# The Final Stages: Choosing, Training, and Deploying a Machine Learning Model

We’re nearing the finish line! **We’ve collected data**, **meticulously and thoughtfully prepared it**, gone through **the process of feature engineering as needed**, and are ready to choose, train, and deploy a model. When designing a Machine Learning solution for a real-world problem, it’s important to remember that the goal is not just to train a model to make accurate predictions on a representative dataset, but to train a model to make accurate predictions on data points seen in the field. A good dataset and an impressive Machine Learning model by no means guarantee good performance in production. In this blog, we will outline the major steps in selecting, training, and deploying a robust machine learning solution.

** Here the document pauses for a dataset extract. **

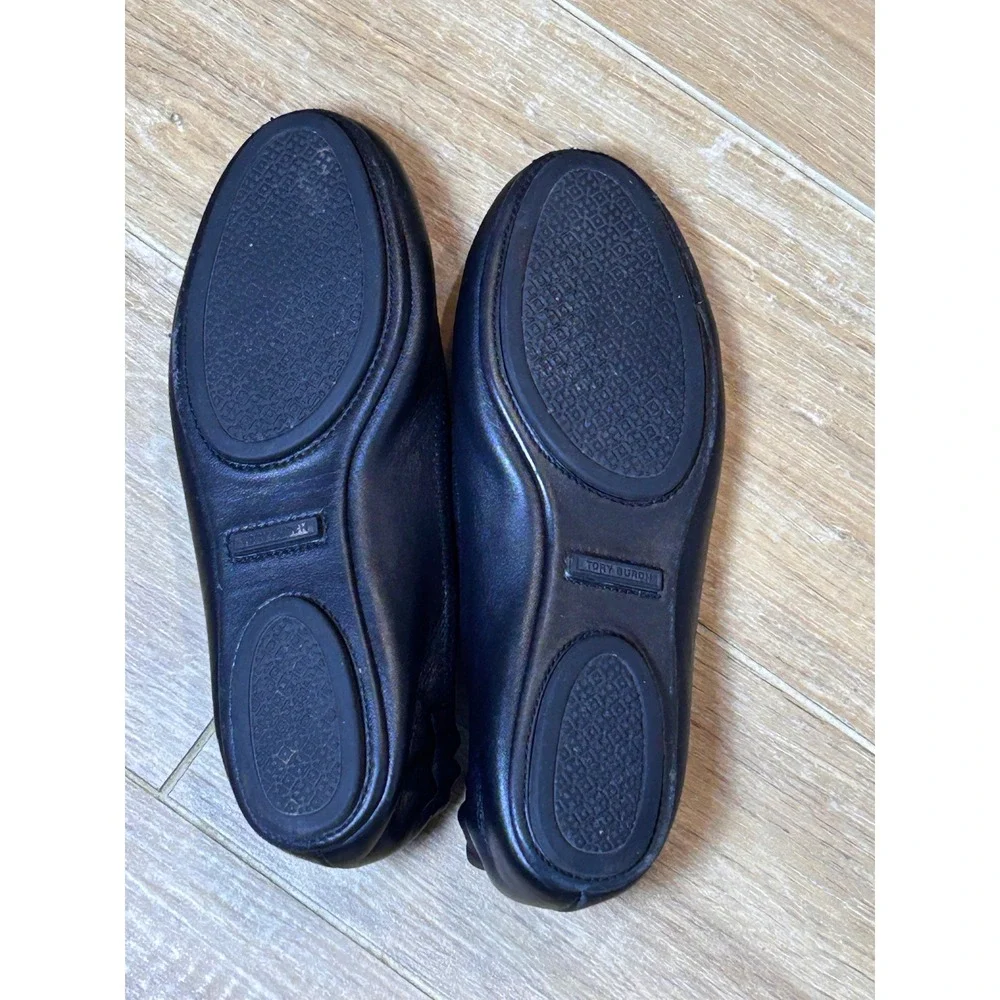Tory Burch Minnie Travel Ballet Flats black‎ Leather Logo Medallion 7M 6098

**Classical Machine Learning vs Deep Learning**

Before jumping in to model selection, training, and deployment, it’s important to distinguish between two often conflated terms. In the traditional sense, Machine Learning is a set of algorithms that ingest data, parse it, learn from it, and apply the learnings to make data-driven decisions. Due to the popularity of Deep Learning, Deep Learning and Machine Learning have become synonymous with each other, however, the two terms are not synonyms. Deep Learning algorithms are extremely data hungry and generally require high-end GPUs. Additionally, classical ML algorithms like Regression, **Support Vector Machines** (SVMs) and **Random Forests** are still very powerful techniques that can be used for solving complex real-world problems. While determining which route to take, we have to consider 3 major factors:

**Amount of training data:** Deep Learning algorithms outperform classical ML algorithms if the amount of training data is large enough. With smaller available datasets, classical ML algorithms are preferred.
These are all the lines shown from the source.